*** Block opens ***
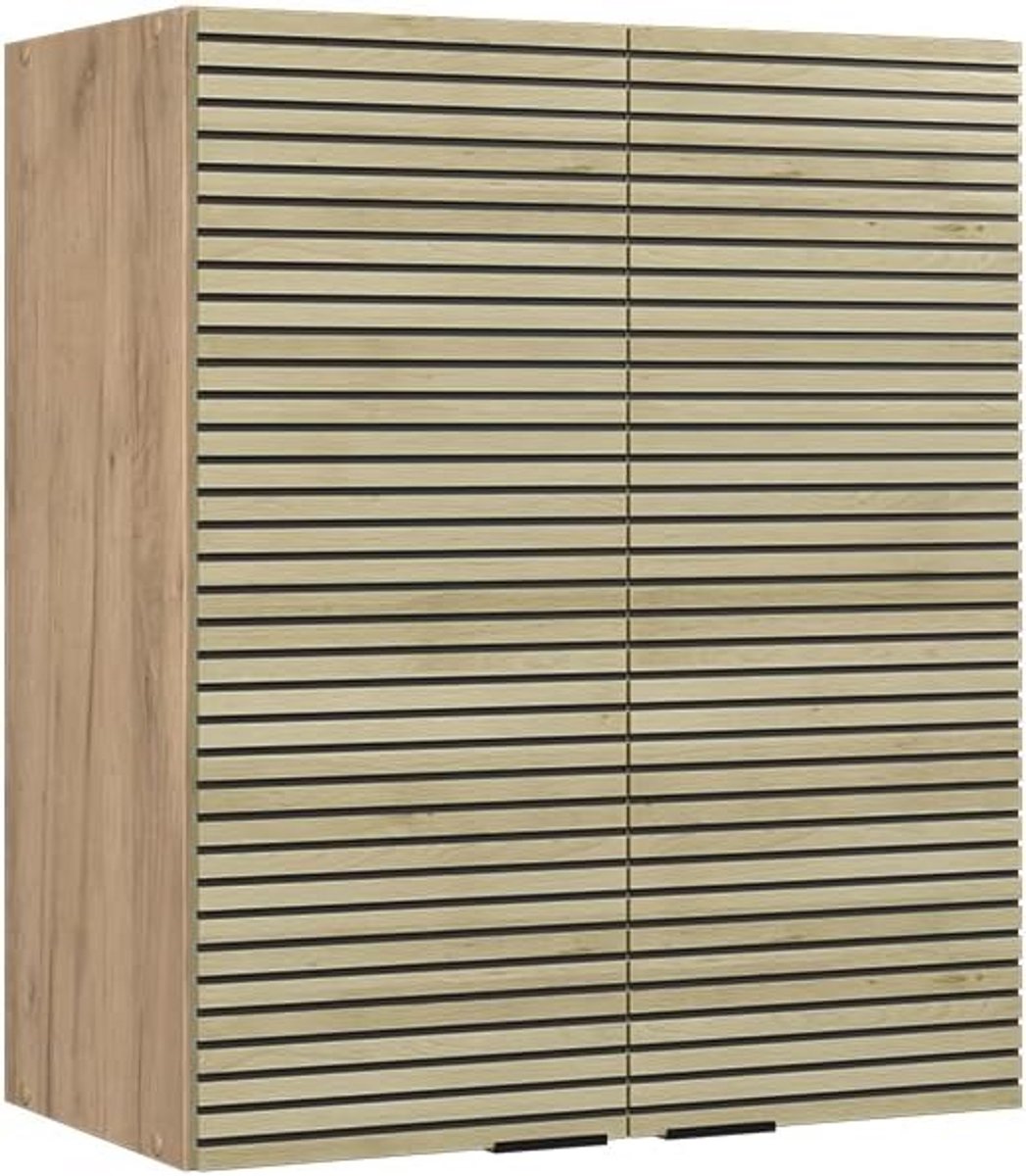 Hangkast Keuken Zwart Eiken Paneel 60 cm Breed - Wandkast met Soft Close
*** Block closes ***
*** Block opens ***
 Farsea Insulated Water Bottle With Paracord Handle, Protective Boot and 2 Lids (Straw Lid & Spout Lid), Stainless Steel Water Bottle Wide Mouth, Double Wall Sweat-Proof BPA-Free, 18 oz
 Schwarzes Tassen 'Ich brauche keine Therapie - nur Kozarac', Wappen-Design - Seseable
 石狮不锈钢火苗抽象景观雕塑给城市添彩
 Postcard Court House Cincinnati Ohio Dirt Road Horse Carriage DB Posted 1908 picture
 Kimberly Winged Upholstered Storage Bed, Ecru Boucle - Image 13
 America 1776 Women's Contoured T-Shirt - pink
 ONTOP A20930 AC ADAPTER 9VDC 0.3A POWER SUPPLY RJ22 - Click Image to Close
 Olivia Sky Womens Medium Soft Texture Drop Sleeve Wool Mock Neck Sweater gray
*** Block closes ***
*** Block opens ***
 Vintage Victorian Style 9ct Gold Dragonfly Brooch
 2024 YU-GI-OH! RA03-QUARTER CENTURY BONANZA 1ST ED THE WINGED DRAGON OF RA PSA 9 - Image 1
*** Block closes ***
WHAT YOU NEED TO DO |
Going down the listing above, begin printing at the line with "Vintage Victorian Style" and finish with the line with "2024 YU-GI-OH! RA03-QUARTER", exactly as they appear.

TASK SOLUTION |
 Vintage Victorian Style 9ct Gold Dragonfly Brooch
 2024 YU-GI-OH! RA03-QUARTER CENTURY BONANZA 1ST ED THE WINGED DRAGON OF RA PSA 9 - Image 1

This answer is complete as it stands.